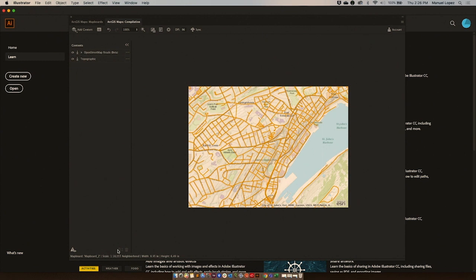We also added a reorder feature in which it would reorder your layers from raster layers, get moved to the bottom, then vector polygons, then lines, then points are moved to the top in that order.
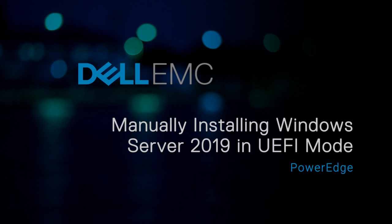In this video, we'll show how to manually install the Microsoft Windows 2019 operating system in UEFI mode on a Dell EMC 14th generation PowerEdge system.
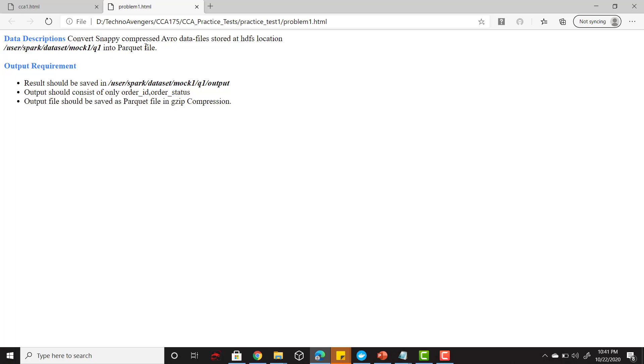It says that you have been given Avro files at an HDFS location and these Avro files are snappy compressed. Your task is to modify those files into parquet files before saving it back. That is the instruction for this particular statement.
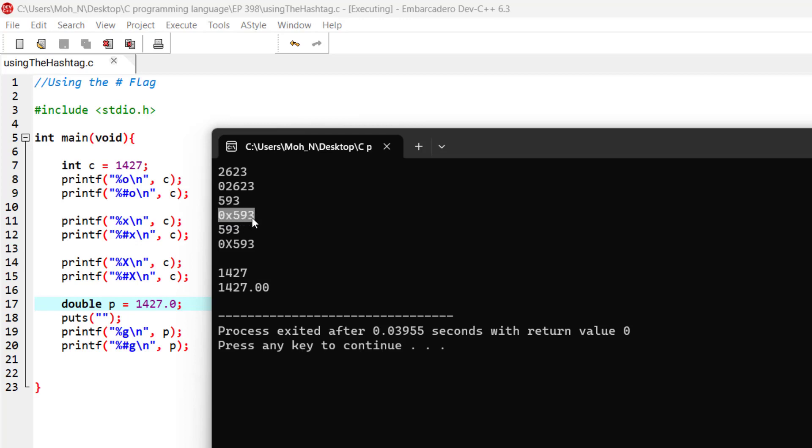And in here also, the number is in hexadecimal, and because we have used the capital letter X, printf will use the capital letter X to print this statement. Now for the floating point values,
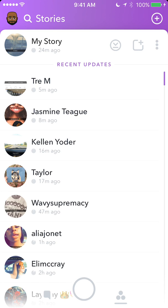That's how you delete a story that you have posted on my story. It's pretty simple, but if you have any other questions or comments, please do leave them in the comment section below. If you like the video, go ahead and give it a thumbs up. Otherwise, definitely subscribe to my channel for more videos like this. Thanks for watching.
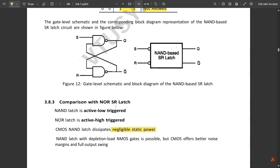I have compared the SR latch using a CMOS two-input NOR-based as well as NAND-based SR latch and explained the functioning of both. That's all for this video. In the next video we are going to discuss clocked SR latch circuits — that is clocked flip-flop circuits, specifically the SR flip-flop. Like, share, and subscribe to our channel. Keep supporting, thank you.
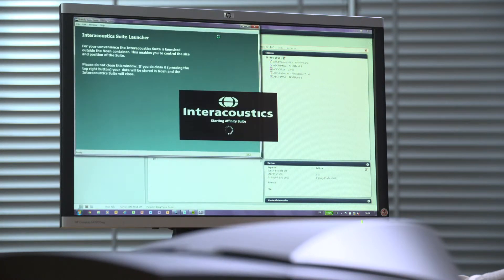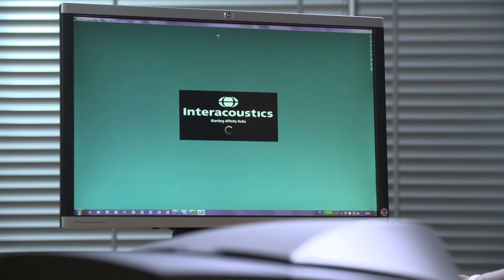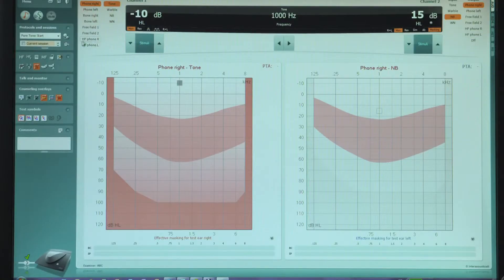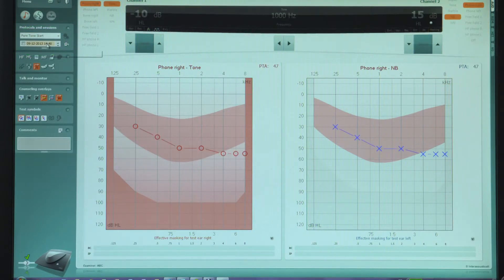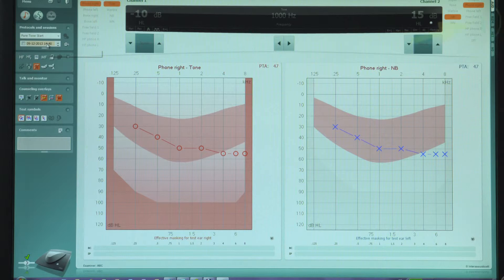The Affinity Suite will launch in the audiogram screen. The first step is to select a previously saved audiogram for the active session. An audiogram needs to be active in order to have targets displayed once we go into the Real Ear Measurement screen.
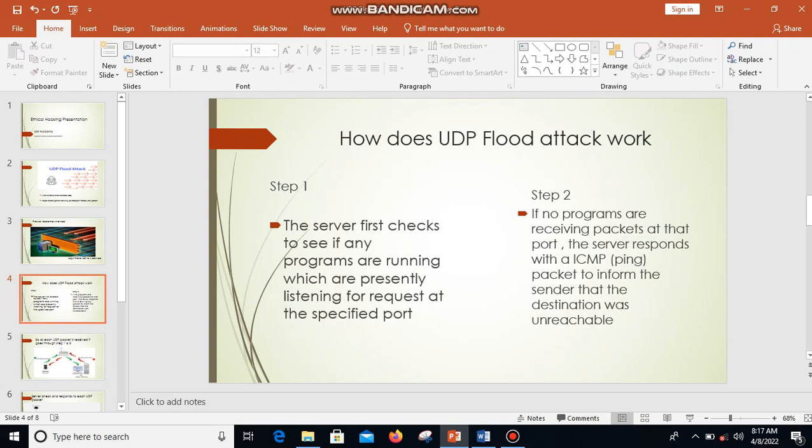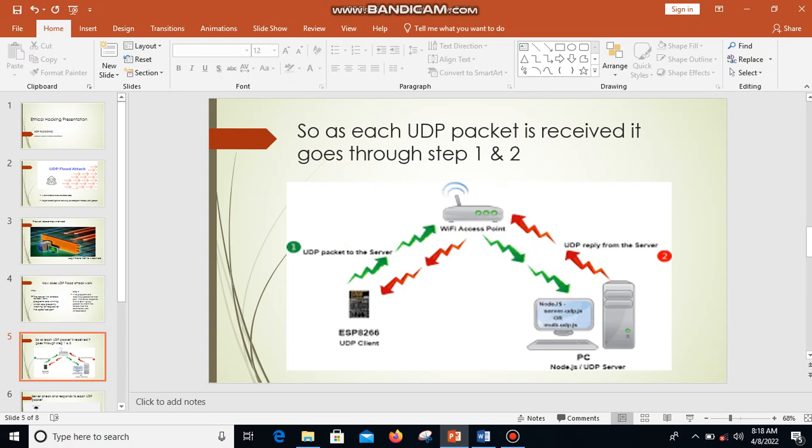A UDP flood attack usually works in two steps. Normally, when a server receives a UDP packet at a particular port, it goes through two steps in response. First, the server checks to see if any programs are running which are presently listening for a request at the specified port. Then secondly, if no programs are receiving packets at that particular port, the server responds with an ICMP ping, or Internet Control Message Protocol ping, to inform the sender that the destination was unreachable. So each UDP packet as it is received goes through step one and step two.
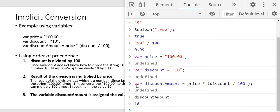When we execute that code, it all appears to happen in one step, but if we think through the process, it's actually going step by step doing the different evaluations until it comes up with the correct answer to store into discount_amount.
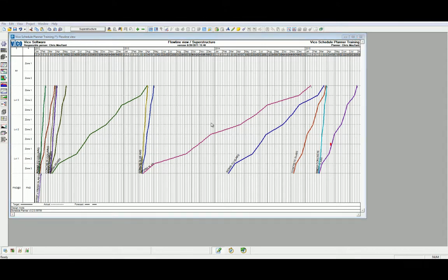Let's finalize the optimization of the superstructure schedule by adjusting the crew sizes to the outstanding unoptimized activities.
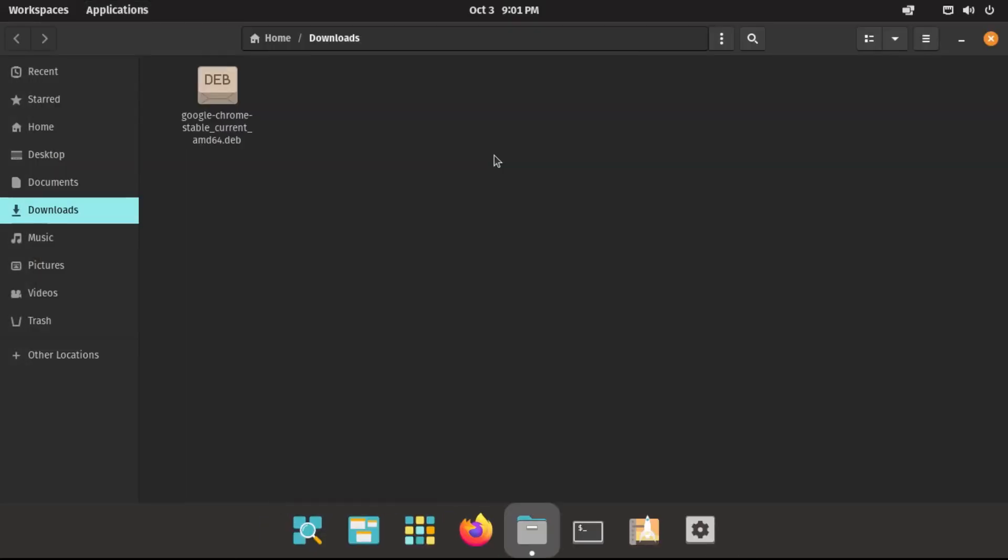Now, a word of warning, this is not the way that you would install every application from the web. Some applications that you may come across will have their own way of installing it that's more universal for every Linux distribution. If you come across this, just follow the developer's instructions for installation and removal.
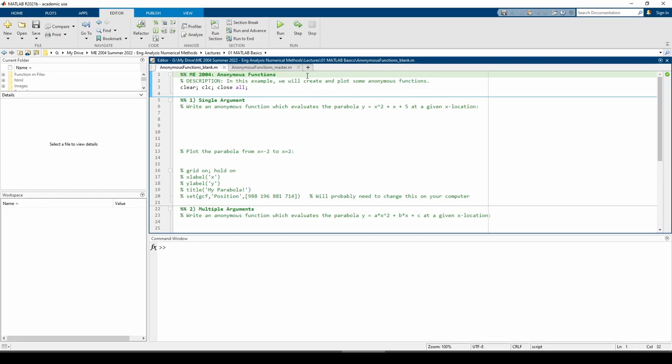This is the second of a two-part video on anonymous functions in MATLAB. The last video reviewed the syntax and construction of anonymous functions. In this video, we'll apply that in some examples.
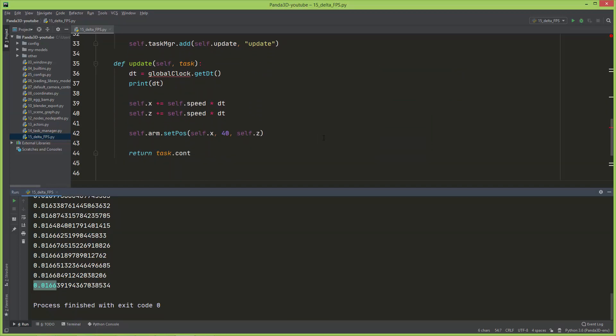With this method, it doesn't matter if you have a very strong or a very weak computer, if you have a monitor with a refresh rate of 90 hertz or 30 hertz or 120 hertz, the movement speed will be always consistent. That's why it's useful to always multiply your speed variable with the delta time.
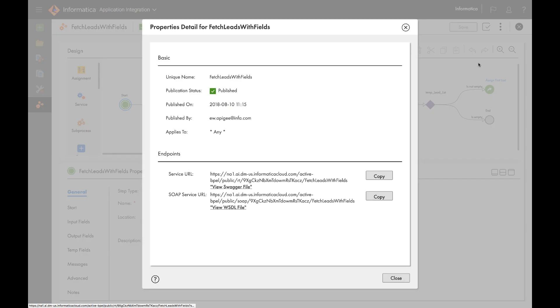In the properties, here is the publish endpoint to the process. Let's go to Apigee and look at the API proxy.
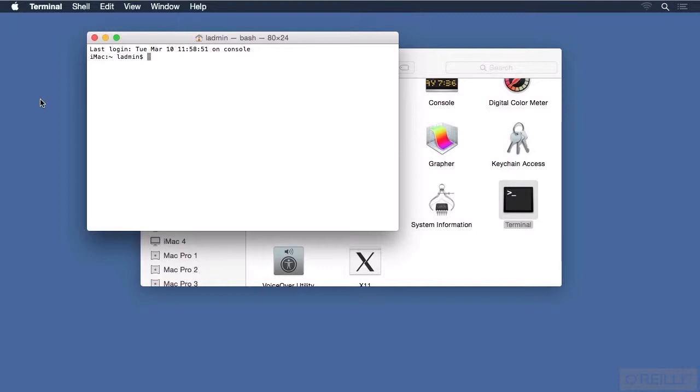The Terminal works with another item called a Shell. A Shell is a special command-line tool that is designed specifically to provide text-based control over other command-line tools.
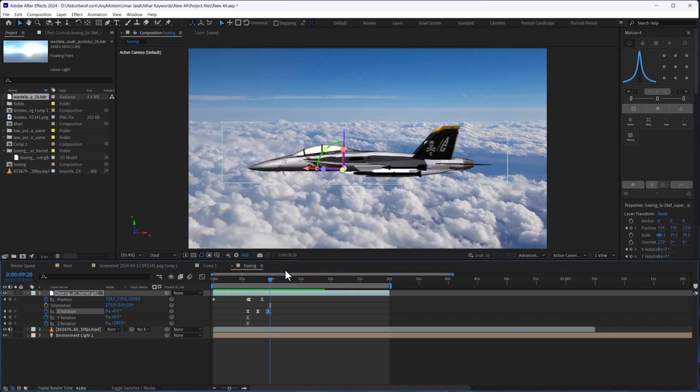As you can see, we have imported a 3D model and it will be perfect. Thanks.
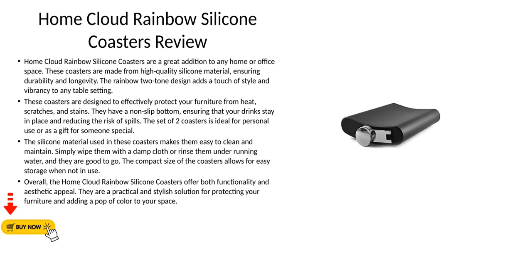Overall, the Home Cloud Rainbow Silicone Coasters offer both functionality and aesthetic appeal. They are a practical and stylish solution for protecting your furniture and adding a pop of color to your space.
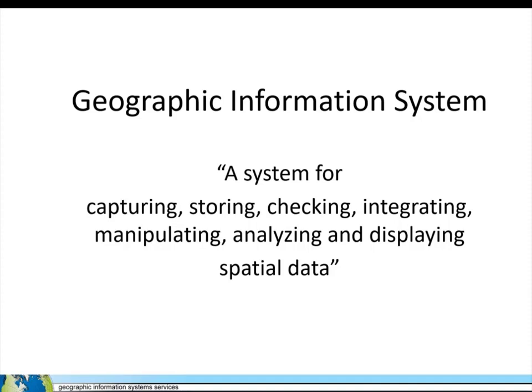What is GIS? GIS stands for Geographic Information System. That is a system for capturing, storing, checking, integrating, manipulating, analyzing, and displaying spatial data.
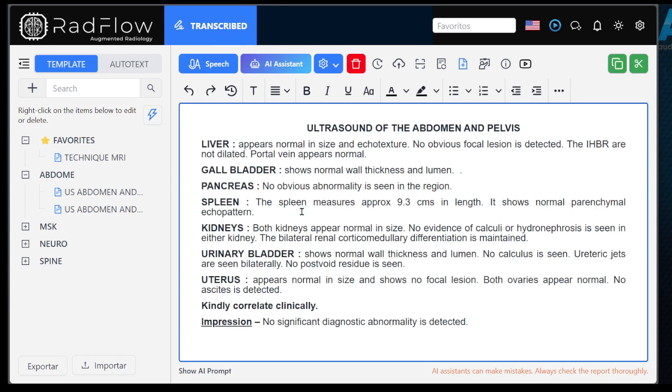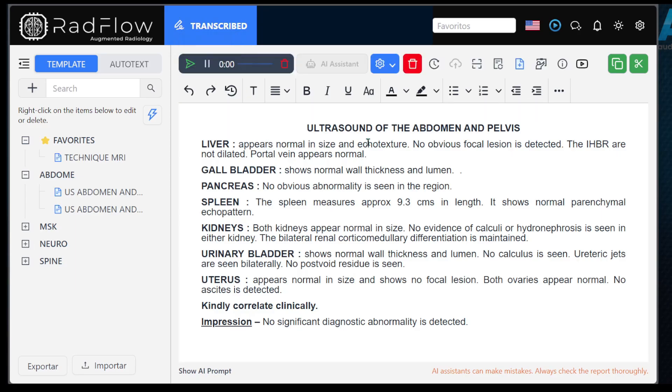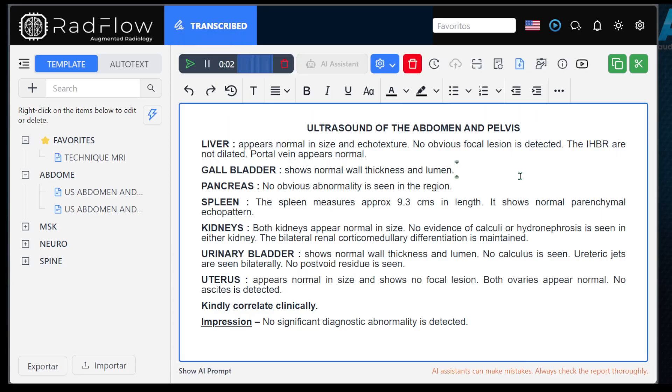You can also use it to make final corrections to your report. For example, presence of a bladder stone measuring 0.4 centimeters.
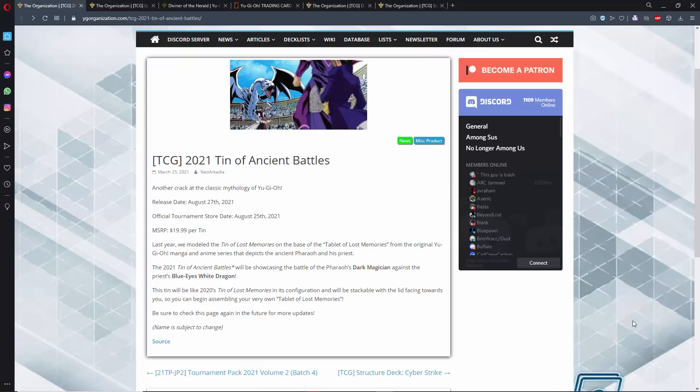What's up YouTube, Capital G here, quick roundup of news for the week, and we are going to start off by talking about the 2021 Mega Tins. We now know the release date of the Mega Tins, which is going to be in late August, and more importantly, we know the themes of this year's tins.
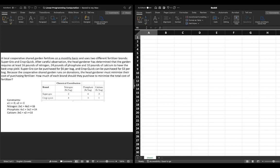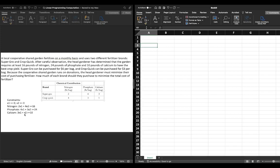In this video we're going to continue with the example of a cooperative garden, but we're going to solve this problem using computation. On the left hand side of my screen I have the question we've been working from, along with the constraints we have established already. If you need to revisit how we established these constraints, please see a previous video.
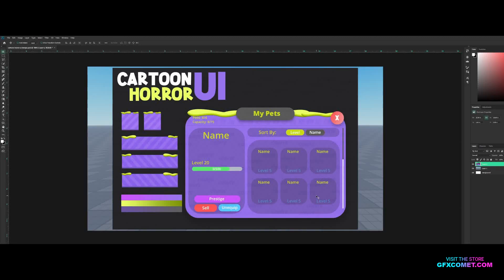Welcome back. Today I'm going to show you guys how to make a cartoon style horror UI. I actually made this a while ago — I think it was over a year ago — but the idea is pretty cool. It's perfect for a simulator or cartoony game; the colors are really clean. Since it was made a while ago there are imperfections, so I'm going to show you how to make this and also improve it.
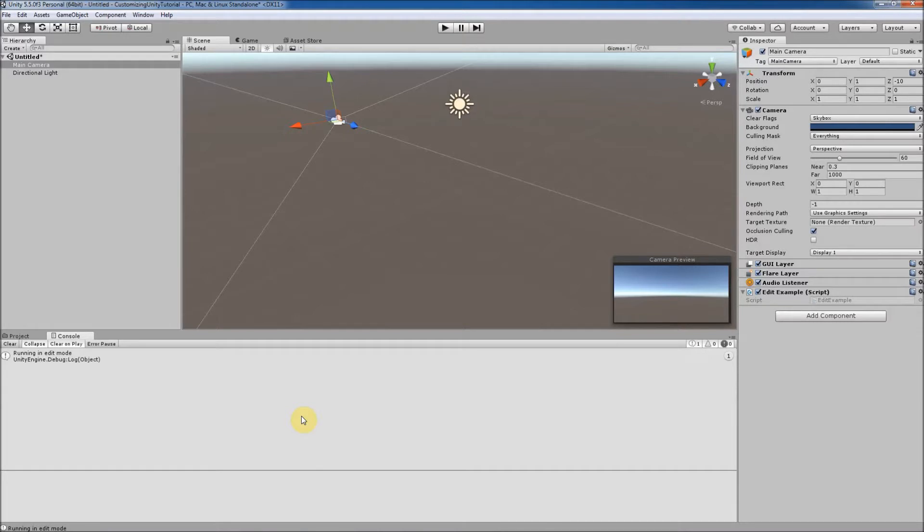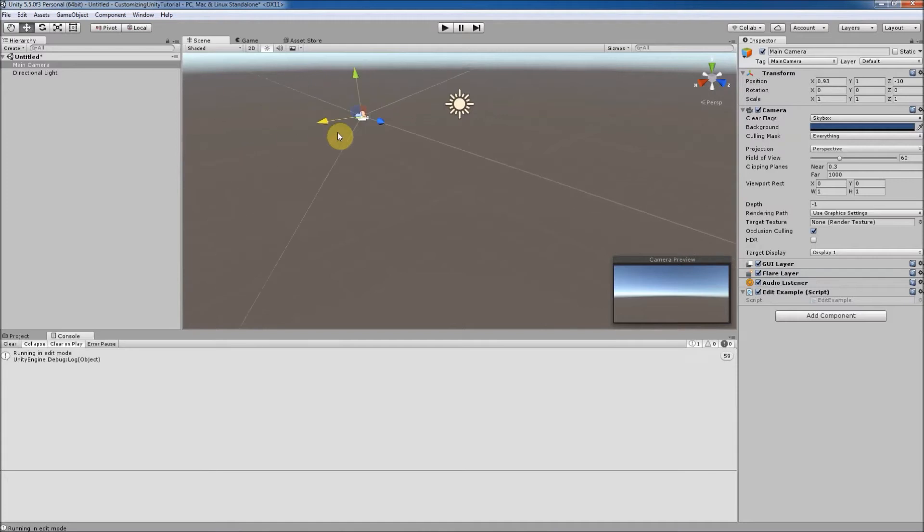For example, let's move our main camera using the move tool to force our print statement to print to the console a few more times. As you can see, when we dragged the main camera the update function was called again and again.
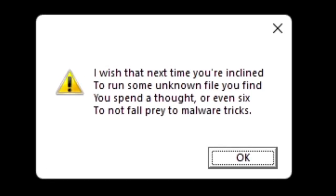I wish that next time you're inclined, to run some unknown file you'll find, you spend a thought, or even six, to not fall prey to malware tricks.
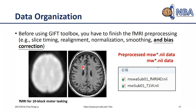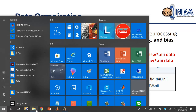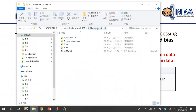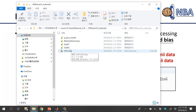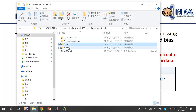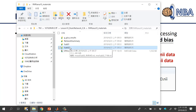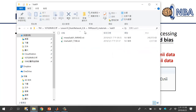Now confirm you have the correct dataset. After unzipping the provided file — fMRI Analysis Week 10 Online Materials — you should see four different folders and one SPM.mat file. Two of the four folders, sub01 and sub02, are the fMRI and T1 datasets provided.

———

Exercise description: Write out each entry exactly as given, but skip the pictures.

Result of the task:
We also added a reorder feature in which it would reorder your layers from raster layers, get moved to the bottom, then vector polygons, then lines, then points are moved to the top in that order.
In this video, we'll show how to manually install the Microsoft Windows 2019 operating system in UEFI mode on a Dell EMC 14th generation PowerEdge system.
It says that you have been given Avro files at an HDFS location and these Avro files are snappy compressed. Your task is to modify those files into parquet files before saving it back. That is the instruction for this particular statement.
And in here also, the number is in hexadecimal, and because we have used the capital letter X, printf will use the capital letter X to print this statement. Now for the floating point values,
That's how you delete a story that you have posted on my story. It's pretty simple, but if you have any other questions or comments, please do leave them in the comment section below. If you like the video, go ahead and give it a thumbs up. Otherwise, definitely subscribe to my channel for more videos like this. Thanks for watching.
I have compared the SR latch using a CMOS two-input NOR-based as well as NAND-based SR latch and explained the functioning of both. That's all for this video. In the next video we are going to discuss clocked SR latch circuits — that is clocked flip-flop circuits, specifically the SR flip-flop. Like, share, and subscribe to our channel. Keep supporting, thank you.
The Affinity Suite will launch in the audiogram screen. The first step is to select a previously saved audiogram for the active session. An audiogram needs to be active in order to have targets displayed once we go into the Real Ear Measurement screen.
A UDP flood attack usually works in two steps. Normally, when a server receives a UDP packet at a particular port, it goes through two steps in response. First, the server checks to see if any programs are running which are presently listening for a request at the specified port. Then secondly, if no programs are receiving packets at that particular port, the server responds with an ICMP ping, or Internet Control Message Protocol ping, to inform the sender that the destination was unreachable. So each UDP packet as it is received goes through step one and step two.
When we execute that code, it all appears to happen in one step, but if we think through the process, it's actually going step by step doing the different evaluations until it comes up with the correct answer to store into discount_amount.
Let's finalize the optimization of the superstructure schedule by adjusting the crew sizes to the outstanding unoptimized activities.
Now, a word of warning, this is not the way that you would install every application from the web. Some applications that you may come across will have their own way of installing it that's more universal for every Linux distribution. If you come across this, just follow the developer's instructions for installation and removal.
This is the second of a two-part video on anonymous functions in MATLAB. The last video reviewed the syntax and construction of anonymous functions. In this video, we'll apply that in some examples.
With this method, it doesn't matter if you have a very strong or a very weak computer, if you have a monitor with a refresh rate of 90 hertz or 30 hertz or 120 hertz, the movement speed will be always consistent. That's why it's useful to always multiply your speed variable with the delta time.
In the properties, here is the publish endpoint to the process. Let's go to Apigee and look at the API proxy.
The Terminal works with another item called a Shell. A Shell is a special command-line tool that is designed specifically to provide text-based control over other command-line tools.
As you can see, we have imported a 3D model and it will be perfect. Thanks.
Overall, the Home Cloud Rainbow Silicone Coasters offer both functionality and aesthetic appeal. They are a practical and stylish solution for protecting your furniture and adding a pop of color to your space.
What is GIS? GIS stands for Geographic Information System. That is a system for capturing, storing, checking, integrating, manipulating, analyzing, and displaying spatial data.
You can also use it to make final corrections to your report. For example, presence of a bladder stone measuring 0.4 centimeters.
What's up YouTube, Capital G here, quick roundup of news for the week, and we are going to start off by talking about the 2021 Mega Tins. We now know the release date of the Mega Tins, which is going to be in late August, and more importantly, we know the themes of this year's tins.
In this video we're going to continue with the example of a cooperative garden, but we're going to solve this problem using computation. On the left hand side of my screen I have the question we've been working from, along with the constraints we have established already. If you need to revisit how we established these constraints, please see a previous video.
Welcome back. Today I'm going to show you guys how to make a cartoon style horror UI. I actually made this a while ago — I think it was over a year ago — but the idea is pretty cool. It's perfect for a simulator or cartoony game; the colors are really clean. Since it was made a while ago there are imperfections, so I'm going to show you how to make this and also improve it.
For example, let's move our main camera using the move tool to force our print statement to print to the console a few more times. As you can see, when we dragged the main camera the update function was called again and again.
I wish that next time you're inclined, to run some unknown file you'll find, you spend a thought, or even six, to not fall prey to malware tricks.
Now confirm you have the correct dataset. After unzipping the provided file — fMRI Analysis Week 10 Online Materials — you should see four different folders and one SPM.mat file. Two of the four folders, sub01 and sub02, are the fMRI and T1 datasets provided.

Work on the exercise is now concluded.